The data
= = =
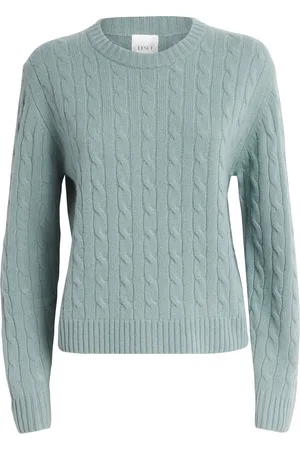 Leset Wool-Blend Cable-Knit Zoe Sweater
= = =
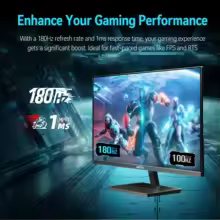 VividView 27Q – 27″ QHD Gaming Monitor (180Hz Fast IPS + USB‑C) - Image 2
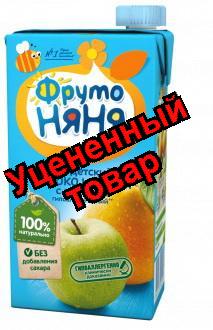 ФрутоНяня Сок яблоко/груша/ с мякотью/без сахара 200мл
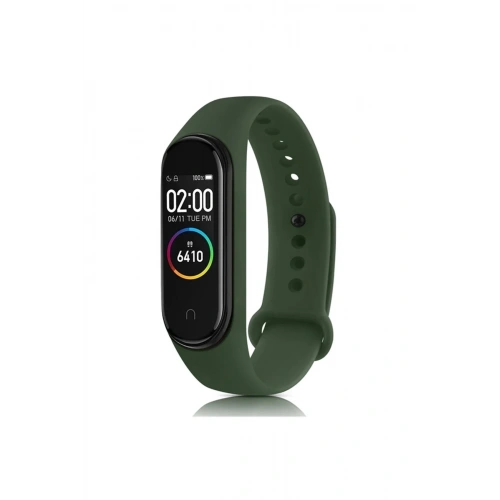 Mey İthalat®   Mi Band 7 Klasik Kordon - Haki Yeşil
= = =
Exercise objective
Take the material above from the line containing "VividView 27Q –" up to and including the line containing "- Haki Yeşil" and retype it exactly, without any pictures.

Solution to this problem
 VividView 27Q – 27″ QHD Gaming Monitor (180Hz Fast IPS + USB‑C) - Image 2
 ФрутоНяня Сок яблоко/груша/ с мякотью/без сахара 200мл
 Mey İthalat®   Mi Band 7 Klasik Kordon - Haki Yeşil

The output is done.